[Task material]
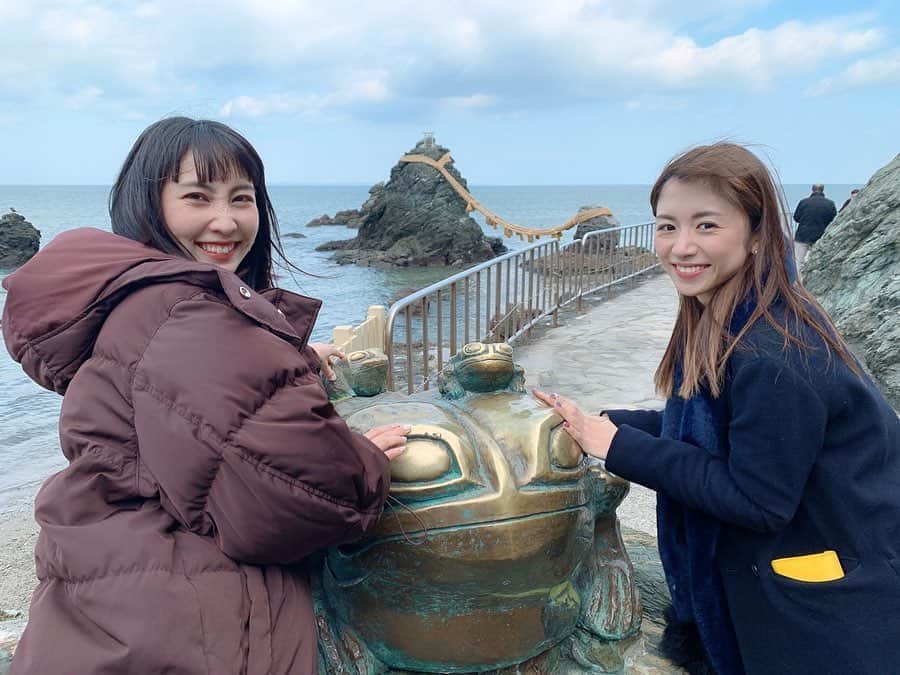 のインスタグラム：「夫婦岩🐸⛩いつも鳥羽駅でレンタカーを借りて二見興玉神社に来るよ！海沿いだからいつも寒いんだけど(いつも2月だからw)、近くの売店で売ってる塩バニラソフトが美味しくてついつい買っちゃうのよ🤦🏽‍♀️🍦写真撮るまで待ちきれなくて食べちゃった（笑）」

--

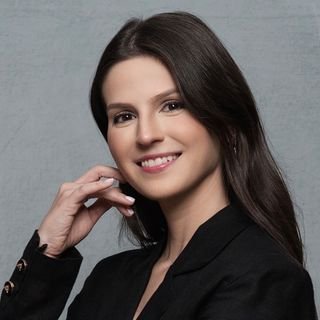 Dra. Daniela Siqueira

==

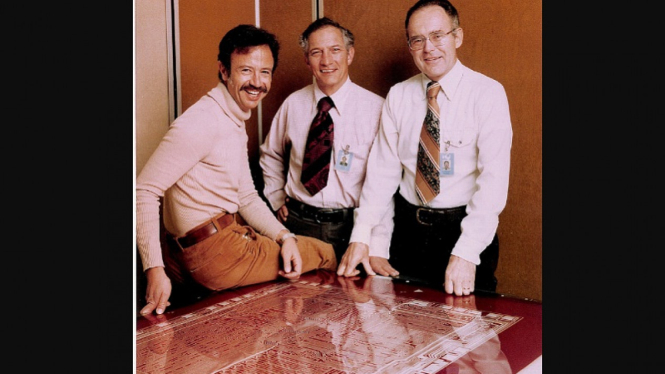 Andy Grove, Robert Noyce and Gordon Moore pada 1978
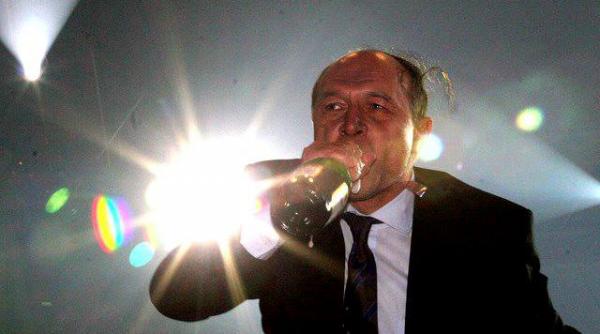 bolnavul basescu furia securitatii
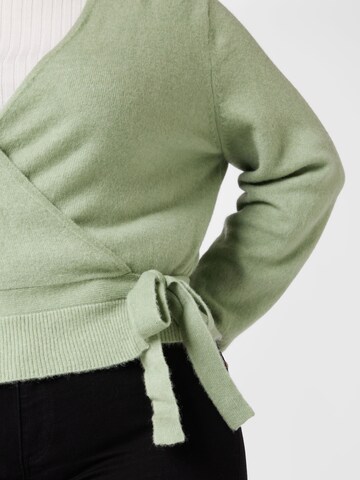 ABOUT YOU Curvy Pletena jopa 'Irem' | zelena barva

[Instructions to follow] Copy word for word the span of the records above that begins at the line with "Andy Grove, Robert" and ends at the line with "ABOUT YOU Curvy", including those two lines but not the pictures.

[Response for this exercise]
 Andy Grove, Robert Noyce and Gordon Moore pada 1978
 bolnavul basescu furia securitatii
 ABOUT YOU Curvy Pletena jopa 'Irem' | zelena barva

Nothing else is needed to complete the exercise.